Witten, who has spent years studying neural circuits, said the results push the field forward.
“One of the important conclusions of this work is that decision-making is indeed very broadly distributed throughout the brain, including in regions that we formerly thought were not involved.”
A Model for Collaborative Science
Pulling this off required unprecedented teamwork. The IBL, founded in 2017, was designed for large-scale, coordinated neuroscience. Instead of publishing competing results, 22 labs agreed to follow strict protocols, share data openly, and analyze results collectively.
Tatiana Engel, a Princeton neuroscientist who helped coordinate the effort, described it as only the beginning.
“The brain-wide map is undoubtedly an impressive achievement, but it marks a beginning, not the grand finale,” she said. “The IBL has shown how a global team of scientists can unite, pushing each other beyond comfort zones into uncharted territories no single lab could reach alone.”
The findings were published in two papers in Nature, along with access to the full dataset. The hope is that other researchers will mine it to uncover fresh insights about decision-making and brain function.

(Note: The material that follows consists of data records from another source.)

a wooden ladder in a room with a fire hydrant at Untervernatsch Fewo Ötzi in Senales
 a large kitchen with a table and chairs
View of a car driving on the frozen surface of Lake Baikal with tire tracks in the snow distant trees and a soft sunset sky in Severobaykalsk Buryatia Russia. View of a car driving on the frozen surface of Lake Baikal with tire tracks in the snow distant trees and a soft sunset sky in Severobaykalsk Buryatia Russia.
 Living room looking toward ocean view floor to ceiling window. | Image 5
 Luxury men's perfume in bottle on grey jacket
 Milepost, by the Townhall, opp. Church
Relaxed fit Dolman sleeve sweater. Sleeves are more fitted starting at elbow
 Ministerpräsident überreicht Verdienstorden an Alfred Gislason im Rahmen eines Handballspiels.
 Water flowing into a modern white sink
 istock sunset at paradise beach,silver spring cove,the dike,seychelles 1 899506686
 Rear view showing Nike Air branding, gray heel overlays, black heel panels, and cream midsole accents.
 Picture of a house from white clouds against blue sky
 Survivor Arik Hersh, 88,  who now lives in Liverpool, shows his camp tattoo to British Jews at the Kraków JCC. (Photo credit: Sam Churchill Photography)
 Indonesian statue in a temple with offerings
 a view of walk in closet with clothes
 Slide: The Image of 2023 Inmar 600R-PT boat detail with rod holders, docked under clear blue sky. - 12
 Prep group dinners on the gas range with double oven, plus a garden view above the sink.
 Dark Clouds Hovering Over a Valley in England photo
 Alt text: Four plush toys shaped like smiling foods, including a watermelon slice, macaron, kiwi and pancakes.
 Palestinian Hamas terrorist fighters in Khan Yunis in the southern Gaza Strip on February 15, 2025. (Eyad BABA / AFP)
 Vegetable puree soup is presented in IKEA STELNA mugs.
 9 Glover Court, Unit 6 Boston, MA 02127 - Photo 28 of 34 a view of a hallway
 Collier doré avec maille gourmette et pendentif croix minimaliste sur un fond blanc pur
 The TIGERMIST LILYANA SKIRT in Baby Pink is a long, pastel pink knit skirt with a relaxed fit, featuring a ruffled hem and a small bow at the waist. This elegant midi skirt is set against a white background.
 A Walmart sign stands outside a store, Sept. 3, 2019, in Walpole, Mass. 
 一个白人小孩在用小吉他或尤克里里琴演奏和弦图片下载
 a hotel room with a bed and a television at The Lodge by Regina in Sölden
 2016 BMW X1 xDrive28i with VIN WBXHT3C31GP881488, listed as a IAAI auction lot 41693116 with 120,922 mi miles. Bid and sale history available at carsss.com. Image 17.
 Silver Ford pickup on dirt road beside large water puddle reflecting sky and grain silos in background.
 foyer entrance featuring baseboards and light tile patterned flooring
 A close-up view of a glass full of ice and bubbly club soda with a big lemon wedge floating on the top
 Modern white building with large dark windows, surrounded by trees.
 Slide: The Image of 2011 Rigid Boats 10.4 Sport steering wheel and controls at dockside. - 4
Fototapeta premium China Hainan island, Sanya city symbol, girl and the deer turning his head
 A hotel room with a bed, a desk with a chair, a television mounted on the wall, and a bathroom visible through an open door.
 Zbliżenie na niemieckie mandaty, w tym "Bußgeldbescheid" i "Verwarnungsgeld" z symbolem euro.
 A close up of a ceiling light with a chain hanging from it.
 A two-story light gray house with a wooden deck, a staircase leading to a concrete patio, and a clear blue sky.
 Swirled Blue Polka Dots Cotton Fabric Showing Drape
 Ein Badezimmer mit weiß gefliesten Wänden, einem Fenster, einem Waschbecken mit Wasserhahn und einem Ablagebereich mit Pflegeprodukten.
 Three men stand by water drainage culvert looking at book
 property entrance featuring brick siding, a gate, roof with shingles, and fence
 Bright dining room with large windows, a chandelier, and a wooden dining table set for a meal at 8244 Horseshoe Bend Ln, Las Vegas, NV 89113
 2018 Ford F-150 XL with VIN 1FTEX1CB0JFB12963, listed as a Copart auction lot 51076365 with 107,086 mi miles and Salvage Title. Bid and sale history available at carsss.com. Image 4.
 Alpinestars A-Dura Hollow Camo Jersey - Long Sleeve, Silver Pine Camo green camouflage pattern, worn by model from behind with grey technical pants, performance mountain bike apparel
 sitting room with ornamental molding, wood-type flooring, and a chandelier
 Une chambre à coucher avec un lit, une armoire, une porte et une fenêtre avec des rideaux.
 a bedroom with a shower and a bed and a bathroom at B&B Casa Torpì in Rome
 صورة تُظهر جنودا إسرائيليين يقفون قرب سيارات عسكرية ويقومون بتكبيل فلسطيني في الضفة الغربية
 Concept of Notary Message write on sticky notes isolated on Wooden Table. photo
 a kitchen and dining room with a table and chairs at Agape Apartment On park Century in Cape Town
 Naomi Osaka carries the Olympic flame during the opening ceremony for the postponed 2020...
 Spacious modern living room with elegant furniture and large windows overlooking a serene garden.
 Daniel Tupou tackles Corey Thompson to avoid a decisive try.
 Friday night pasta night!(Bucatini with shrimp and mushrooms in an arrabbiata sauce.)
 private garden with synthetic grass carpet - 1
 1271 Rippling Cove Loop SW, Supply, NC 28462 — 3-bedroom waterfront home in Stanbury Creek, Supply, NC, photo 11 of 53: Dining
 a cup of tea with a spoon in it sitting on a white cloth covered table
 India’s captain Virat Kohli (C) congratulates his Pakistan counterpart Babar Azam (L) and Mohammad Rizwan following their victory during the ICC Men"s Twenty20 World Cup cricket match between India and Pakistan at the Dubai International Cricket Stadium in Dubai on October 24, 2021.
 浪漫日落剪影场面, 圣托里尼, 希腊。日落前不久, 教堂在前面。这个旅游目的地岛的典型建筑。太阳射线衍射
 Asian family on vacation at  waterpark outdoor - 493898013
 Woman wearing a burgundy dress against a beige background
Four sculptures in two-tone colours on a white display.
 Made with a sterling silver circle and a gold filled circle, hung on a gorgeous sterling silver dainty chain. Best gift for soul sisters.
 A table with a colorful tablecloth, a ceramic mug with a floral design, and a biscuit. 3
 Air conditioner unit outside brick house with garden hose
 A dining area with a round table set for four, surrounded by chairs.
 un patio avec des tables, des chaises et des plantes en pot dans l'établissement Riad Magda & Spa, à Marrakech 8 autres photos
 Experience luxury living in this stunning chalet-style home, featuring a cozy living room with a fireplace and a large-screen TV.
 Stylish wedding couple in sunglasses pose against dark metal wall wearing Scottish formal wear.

Practical Implications of the Research
This work offers more than a new map of neurons—it redefines how decision-making is studied. The discovery that choices and expectations are spread across the brain challenges decades of assumptions and could reshape theories of cognition.
By releasing the dataset publicly, the IBL gives other scientists the chance to test new ideas, design experiments, and compare models against this rich benchmark. The approach also shows that collaborative science at a global scale can achieve what isolated labs cannot.
In the long run, insights from these distributed neural patterns may influence the development of treatments for brain disorders that affect decision-making, such as Parkinson’s disease, Alzheimer’s, or addiction. By understanding how expectations and actions flow across networks, researchers may find new targets for therapies.